Short web captions:
============
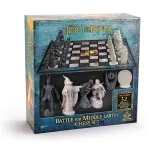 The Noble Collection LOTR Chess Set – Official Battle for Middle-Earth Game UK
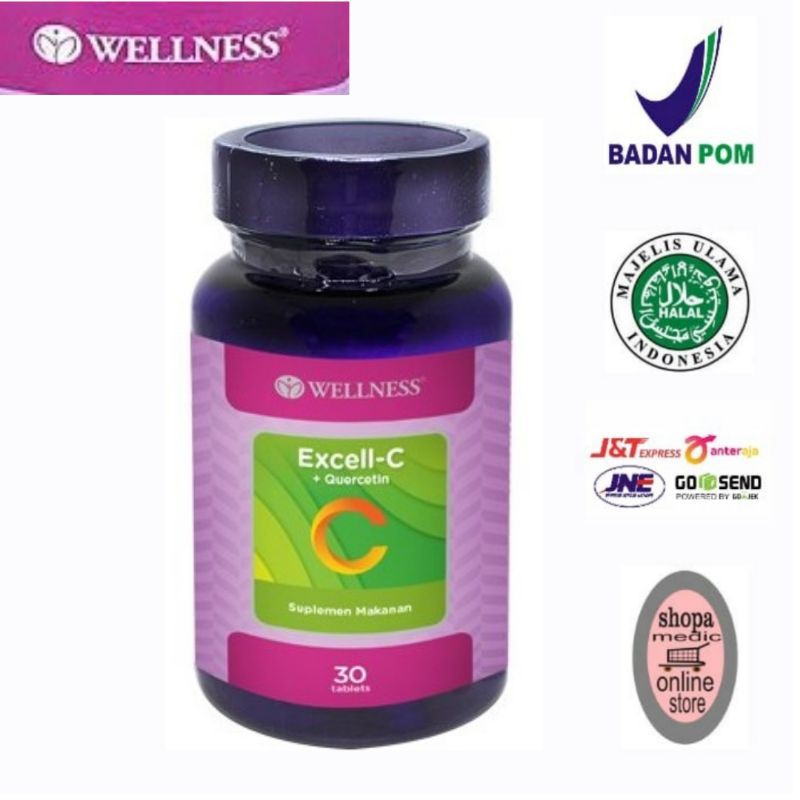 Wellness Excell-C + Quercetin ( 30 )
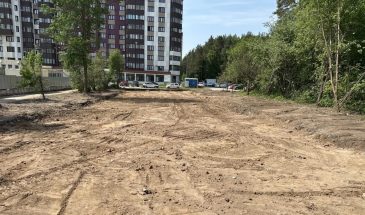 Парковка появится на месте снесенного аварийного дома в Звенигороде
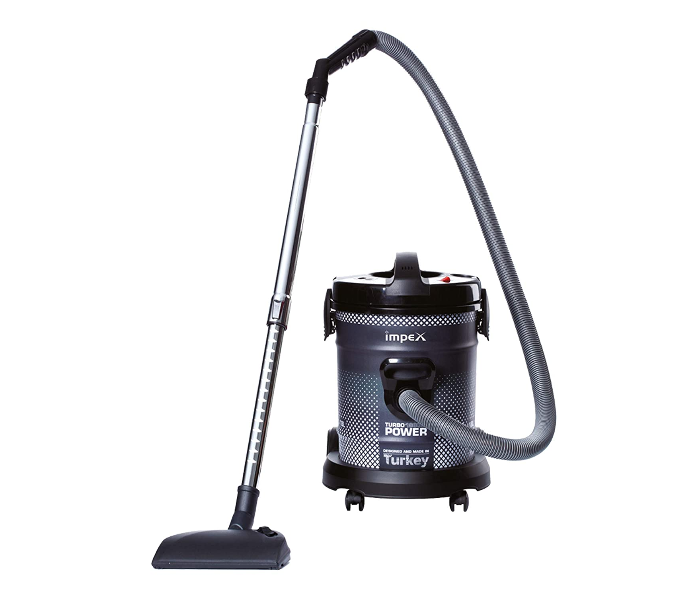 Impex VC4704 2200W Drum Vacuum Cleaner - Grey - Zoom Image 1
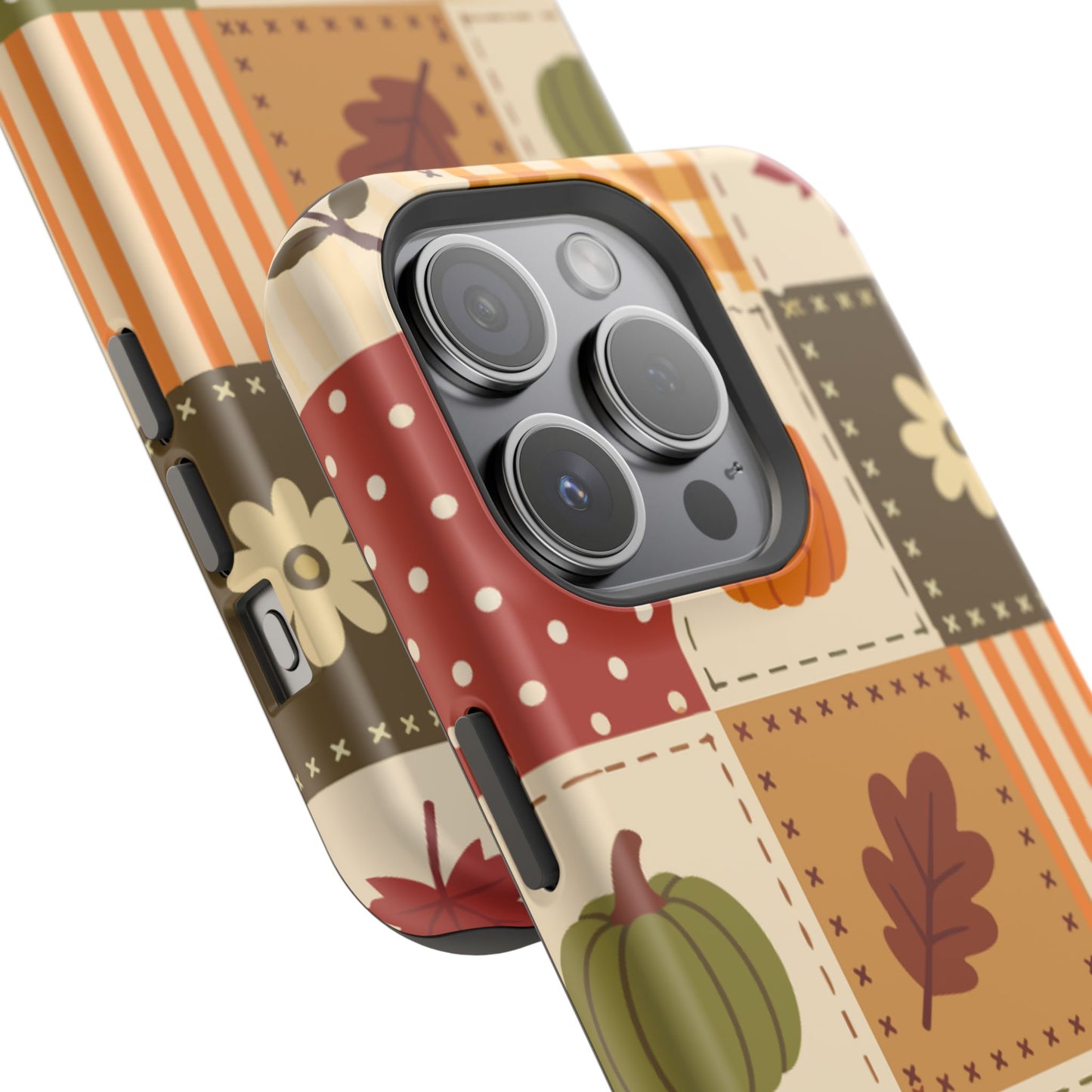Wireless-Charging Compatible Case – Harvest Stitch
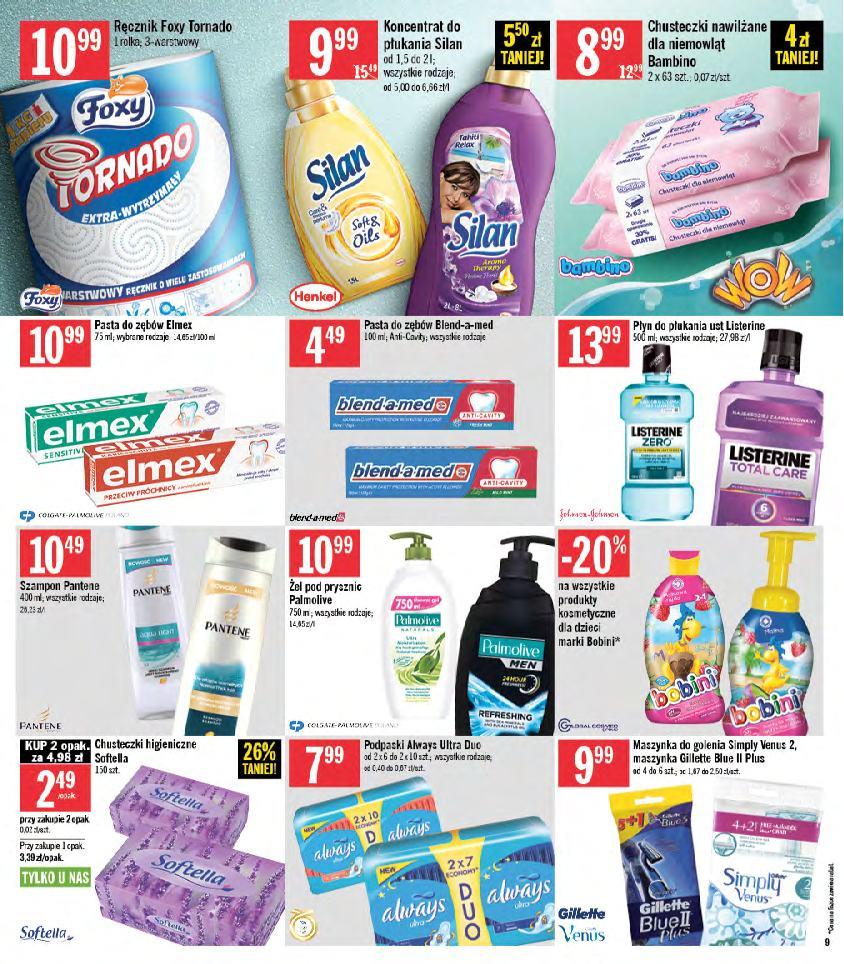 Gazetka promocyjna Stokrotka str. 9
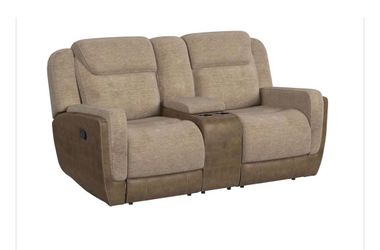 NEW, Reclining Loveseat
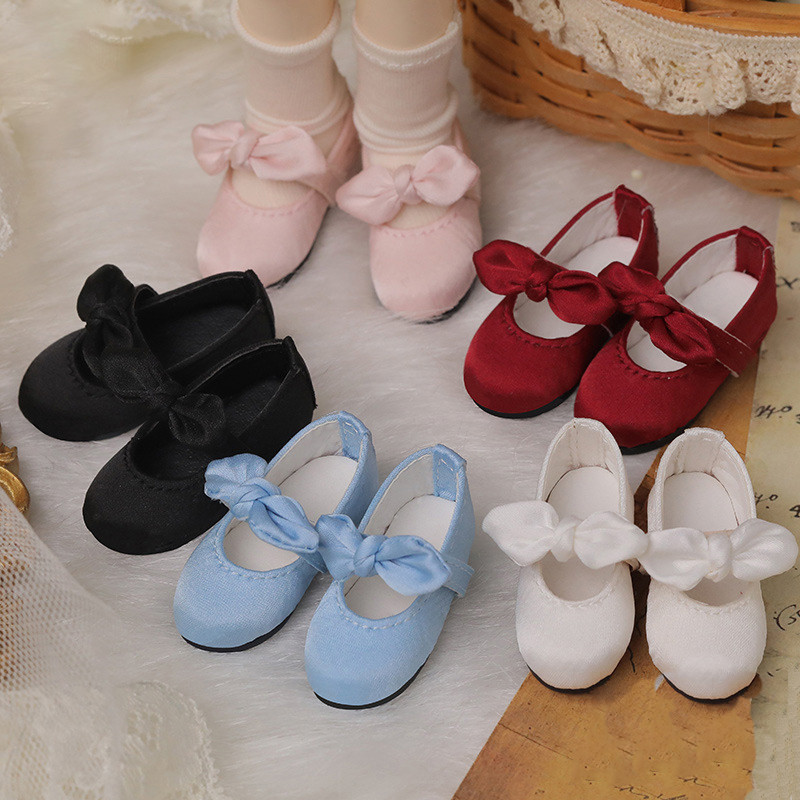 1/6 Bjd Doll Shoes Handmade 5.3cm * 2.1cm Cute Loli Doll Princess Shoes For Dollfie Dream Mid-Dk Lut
============
Problem requirements: Word for word, return the entries above, but without any pictures.

Finished task:
 The Noble Collection LOTR Chess Set – Official Battle for Middle-Earth Game UK
 Wellness Excell-C + Quercetin ( 30 )
 Парковка появится на месте снесенного аварийного дома в Звенигороде
 Impex VC4704 2200W Drum Vacuum Cleaner - Grey - Zoom Image 1
Wireless-Charging Compatible Case – Harvest Stitch
 Gazetka promocyjna Stokrotka str. 9
 NEW, Reclining Loveseat
 1/6 Bjd Doll Shoes Handmade 5.3cm * 2.1cm Cute Loli Doll Princess Shoes For Dollfie Dream Mid-Dk Lut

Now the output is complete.